Aos 14-15 anos fiz um filme em Super 8 com uma colega do liceu. Aprendi muito a fazer este filme. Gostei de pensar no filme e gostei sobretudo de fazer a montagem. Os meus poemas, estas crónicas, quase tudo o que faço na vida é montagem. Uma sequência de fragmentos colados uns aos outros. A fazer a montagem descobri que podia raspar a película nas zonas em que estava preta e colorir com canetas de feltro. Fazia assim desenhos animados, era aleatório e abstracto. Gostava de usar canetas azuis e verdes exclusivamente.

No meu filme uma boneca era destruída.
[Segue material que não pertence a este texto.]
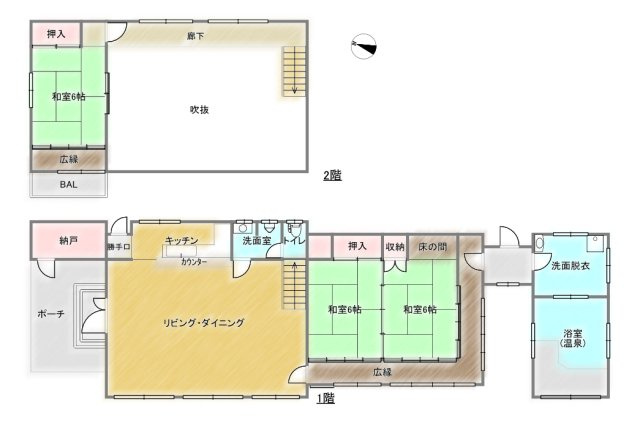 間取り：346000045495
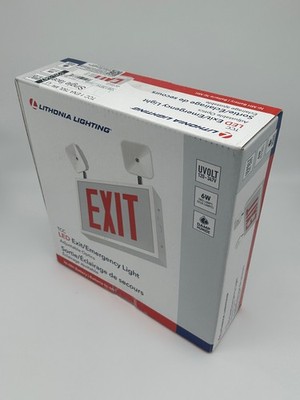 Lithonia Lighting Steel Housing Exit Sign and Light Combo LED TCC 1 ENA 750L M4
Hoje seria incapaz de fazer uma coisa destas. Faria um filme em que a boneca não fosse destruída e ainda uma criança pudesse brincar com ela. Detesto destruir. Jean-Marie Straub, no Instituto Alemão, tirou um retrato ao lado de um retrato de Bach. Quis ficar na fotografia a fumar. Acendeu um cigarro e só o fumou enquanto lhe tiraram a fotografia. Depois deitou fora o cigarro quase inteiro. Eu achei isto um desperdício, uma coisa fútil e vaidosa. Mas o cinema e as outras artes são muito isto. Num filme desperdiçam-se bonecas, cigarros etc. Desperdiçam-se? Não quero ser demagógica.

Agustina Bessa-Luís escreveu que Vieira da Silva pintava quadradinhos muito pequeninos para os quadros resistirem mais, durarem mais, para o óleo não estalar tanto. Não é uma questão de ser poupada, é uma preocupação ecológica.

Hoje acho que, se me quiserem tirar um retrato, apareço a fumar e, se não me apetecer acabar de fumar o cigarro, faço como Jean-Marie Straub, deito fora o cigarro. Mas a boneca não destruo. Faço outros filmes.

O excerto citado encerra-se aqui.